Putin a wimp? Oh yea! The wimp is making the West, especially the USA go limp with fear. Let's forget this for the time being as I don't want to counter a Republican's anti-Russia propaganda.

Coming to Boris Nemtsov. He was an anti-nuclear weapon activist. Yet, Mother Russia had (and still has) the provisions for a man like him to become a parliamentarian and even reach in the top echelons of the administrations. For that only Russia must be commended.
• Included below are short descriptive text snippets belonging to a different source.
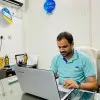 Dinesh Gautam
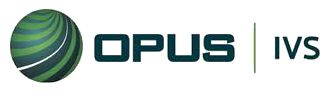 Opus | Autologic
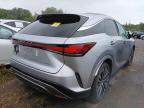 2023 LEXUS RX 350H PREMIUM + CVT  for sale at Copart SANDWICH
Coming to another anti-nuclear weapons activist. This time from the USA. He was no less than an award winning astrophysicist. Meet Dr. Charles Hyder. As a primary school student in the mid-80s (mostly in 1986) when both the USA and the USSR were testing thermonuclear weapons, I listened to Radio Moscow every day that carried out the news of the scientist going into a hunger strike every day. Not for one day or two days. Not for a week or a month. But for a full 218 days!

The sci-fi fantasy prone B-grade Hollywood drama artist Ronald Regan who was leading the Yankees then chose to ignore the great man to the extent that the free press of America thought of him nothing more than a maverick trying to hog some spotlight.

Dr. Hyder's efforts were not just against the building up of nuclear arsenal between the two superpowers, but also for the USA's unsafe nuclear policies like carelessly storing nuclear waste in New Mexico. This fact was cleverly hidden by the radio-jockey-turned-actor-turned-president, and the shallow press (of course which is free) of USA didn't understand the gravity of the matter. A press whose history is filled with yellow journalism and sensationalism, and whose epitome is this Kim gal from aptly-named Pajama Media (you know what the other connotations of the word pajama might hold).

Dr. Charles Hyder died in oblivion in 2004 who in his last few years was categorized as a 'homeless bum and lunatic' by the Americans.

In comparison Boris Nemtsov at least shows up as a citizen of a freer country with more civil rights.

Kim, is your general knowledge so good that you heard of Dr Charles Hyder in the 80s? Hint: He was from Albuquerque.